Les éditions L’atinoir viennent de publier, sous le titre Histoires argentines, un volume réunissant ces deux recueils de nouvelles, qui nous permettent de déceler, dans la société argentine de l’époque et dans la vie des personnages représentés, des failles, des urgences, des frustrations, annonciatrices des drames à venir. Et une imminence menaçante dont les contours sont encore indéterminés.
La majorité des protagonistes sont des hommes qui vivent centrés sur eux-mêmes, parfois narcissiques, parfois manquant d’assurance, séducteurs compulsifs pour la plupart, qui ne trouvent pas de sens à leur vie, qui abandonnent leur famille tout en exprimant le regret de ne pas voir leurs enfants, qui souffrent d’une grande solitude et se réfugient dans l’alcool et le sexe, là où le désir cède vite sa place à la désillusion ou à la cruauté : « Les femmes confondent toujours, elles ne s’aperçoivent pas que nous nous servons d’elles pour confirmer notre virilité. Elles croient que nous les aimons pour toujours, parce que nous forniquons avec elles comme jamais. Ce fut peut-être ce qui me plongea dans une tristesse absolue. »
La rencontre d’un homme et d’une femme se réduit souvent à un rituel de séduction, capture, et mise à mort. Se retrouver, s’aimer, se quitter. Mentir et se mentir. Il n’y a pas de différence entre l’amour réel et l’amour imaginaire, les femmes sont des pièces interchangeables, utilisables et jetables ; parfois des victimes, parfois des manipulatrices qui mènent la danse. Derrière ce machisme sans conteste, cette course effrénée à la performance, pointe la dérisoire fragilité d’hommes qui ne sont pas à la hauteur des mandats que la société leur impose, qui fuient leurs responsabilités tout en rêvant d’amours qui sauvent ou de révolutions qui changent le monde.
S’ils appartiennent à la classe moyenne intellectuelle et politique, la peur du vide les guette, ainsi que la conscience, souvent étouffée, de la propre incompétence. Ils sont souvent lâches mais lucides ; des affabulateurs qui préfèrent s’évader en inventant à chaque fois une femme sublime – lestée de tous les stéréotypes- qui les rachèterait de leurs misères ; plutôt qu’essayer d’écouter et de comprendre les femmes réelles qui sont à leurs côtés : « On peut connaître la femme si on lui prête un peu d’attention, si on écoute ce qu’elle dit, si on découvre ce qu’elle ressent : ses secrets d’être humain, simplement humains, et non le-Secret-de-la-Femme, pas plus que le Secret-de-la-Terre. » (53)

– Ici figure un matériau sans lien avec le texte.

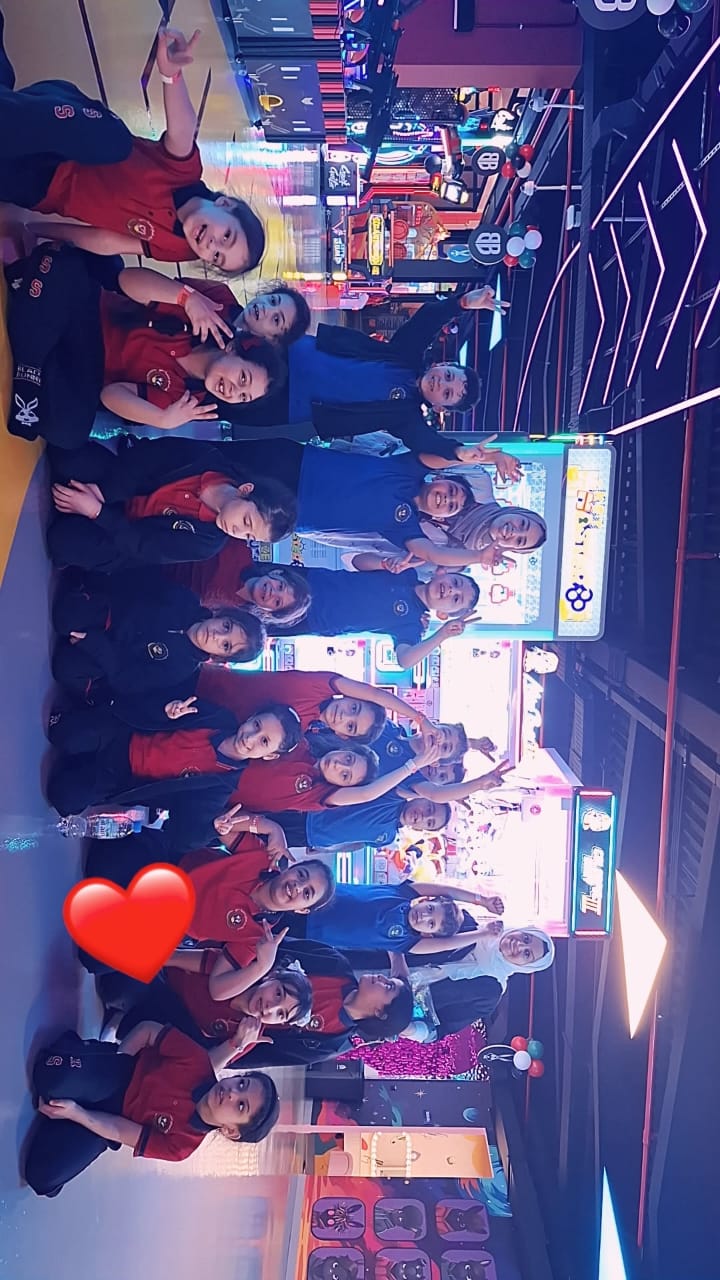 رحلة ترفيهية لطلاب الصف الثاني الى black bunny في القوز - دبي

S’ils appartiennent, en revanche, aux classes des travailleurs exploités, souvent abrutis par l’effort, marginalisés ou maltraités, leurs vies sont faites de silence, d’alcool et de violence. Dans tous les cas, le monde dans lequel ils évoluent est très loin d’être satisfaisant et humain. Leurs vies sont toujours traversées, dans une sorte d’arrière-plan discret et constant, faussement incident, par les évènements d’une Argentine secouée par des tensions sociales et politiques fortes, qui anticipe des rebellions et des ruptures. Le mot révolution revient souvent dans les conversations des intellectuels, comme une invocation. Cela n’empêche pas, encore une fois, que la lucidité vis-à-vis de leurs propres forces et des pratiques de la politique bourgeoise s’impose : “Il faut se dépêcher de faire la révolution”, “ Ils vont la faire eux-mêmes. Ils n’ont pas besoin de nous. Nous pouvons les trahir encore une fois. Nous, nous ne voulons pas la faire. Non, ce n’est pas vrai. Oui, nous voulons la faire. Nous allons exploser si nous ne la faisons pas.” (85)

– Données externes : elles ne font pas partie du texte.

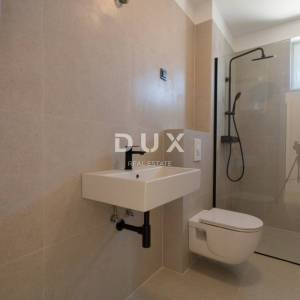 ŠIBENIK, GREBAŠTICA - Četverosoban penthouse 100m od plaže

Ce qui est en cause dans ces récits est, d’un côté, l’ensemble de l’imaginaire d’une époque, où les rapports entre hommes et femmes sont viciés par l’hypocrisie et le cynisme ; où les rapports sociaux sont contaminés par le mensonge et l’injustice ; et de l’autre, un pays soumis à des crises successives, sur le point d’exploser. Nous pouvons relire ces récits en faisant le lien avec le roman postérieur Los pasos previos, dont les personnages sont déjà engagés dans la lutte armée ; et avec l’histoire tragique de la dernière dictature. D’une certaine façon, tout était déjà là, latent.

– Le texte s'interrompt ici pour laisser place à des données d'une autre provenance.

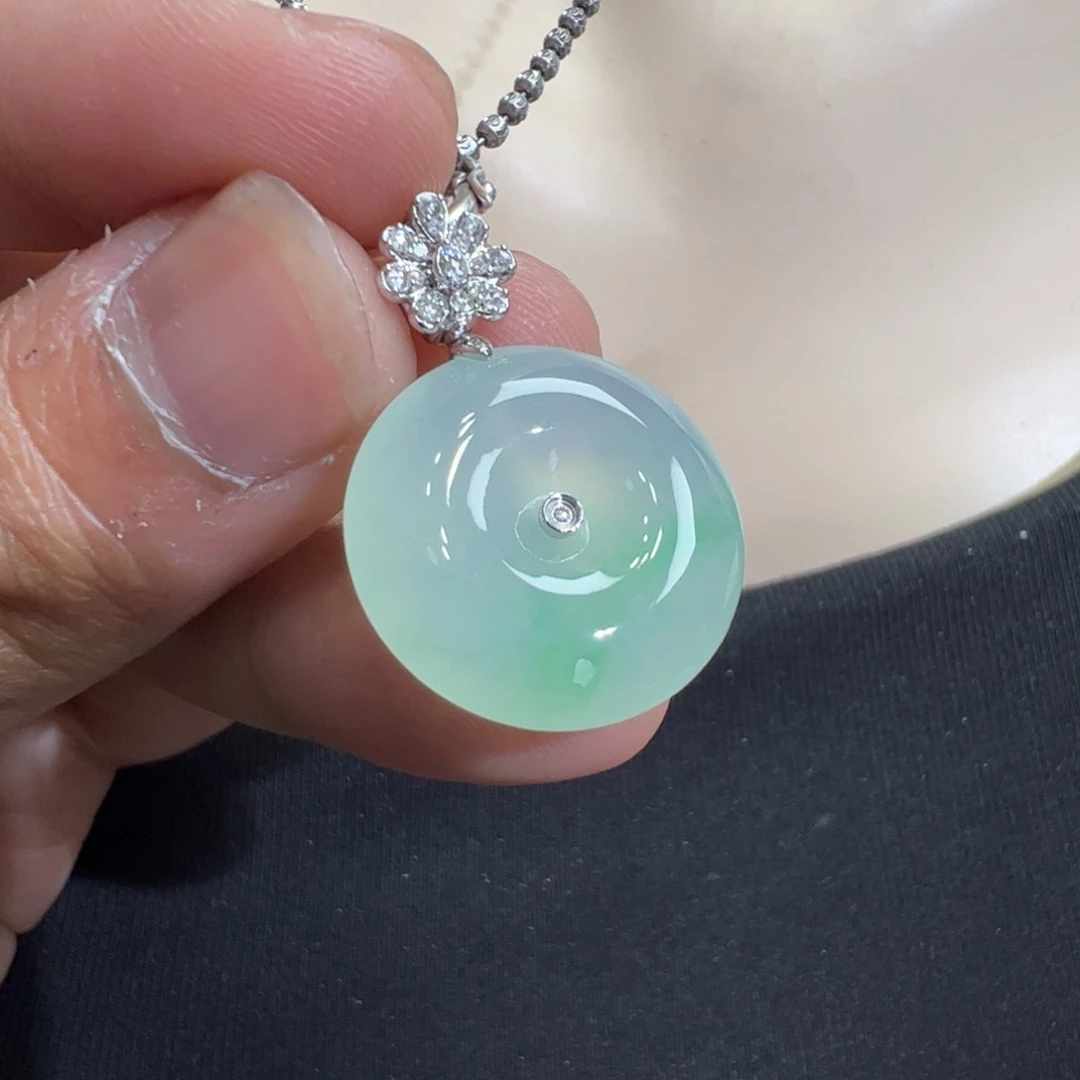 翡翠吊坠(不含链)18K金镶嵌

Paco Urondo construit avec ces matériaux une poétique précise, implacable, incisive, qui a souvent des échos arltiens[1] ; et ce faisant, non seulement il apporte un cadre existentiel à sa poésie, mais il nous offre un témoignage inestimable d’une époque trouble, où les démons qui s’abattront sur la nation quelques années plus tard sont déjà à l’œuvre, insidieusement.
Marián SEMILLA DURÁN
Histoires argentines de Francisco Paco Urondo, éd. L’atinoir Marseille, 220p., 16€.
[1] Nous nous référons à l’œuvre du grand écrivain argentin Roberto Arlt (1900-1942), créateur du roman urbain contemporain argentin.